Advising and Student Support Services

The importance of advising should not be underestimated. DeSouza1 states that "Academic advisors can play an integral role in promoting student success by assisting students in ways that encourage them to engage in the right kinds of activities, inside and outside the classroom." Light2 supports that notion, noting further that "Good advising may be the single most underestimated characteristic of a successful college experience."

For more information on advising, please refer to Indicator 6 in the Indicators of Program Quality.

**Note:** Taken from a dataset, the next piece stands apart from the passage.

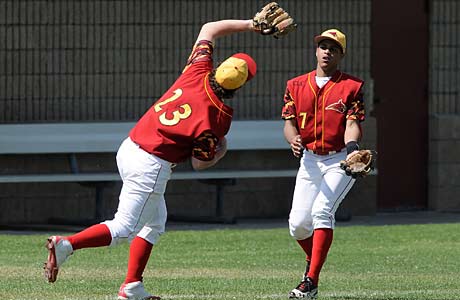 Calvert Hall enters this week's Northeast rankings at No. 8.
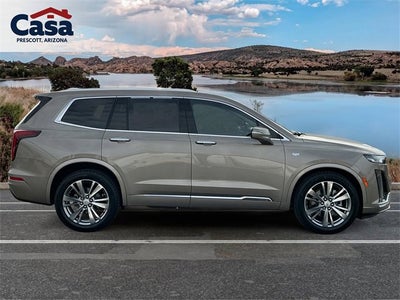 2023 Cadillac XT6 Premium Luxury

Advising for Out-of-School Youth

ACLS requires that adult education staff, typically the education and career advisor, meet with all students aged 16 to 223 to discuss the students' educational options (i.e., adult education, return to K–12) prior to enrolling. In the event that a student wishes and is eligible to return to K–12, the advisor will work with the school to facilitate the student's re-entry into the K–12 system. For students age 16–24, the education and career advisor will provide students with up-to-date written information about the Title I youth programs and services offered by partners in the local area. In the event that a student expresses an interest, the advisor will work with the partner(s) to facilitate access to programs and services.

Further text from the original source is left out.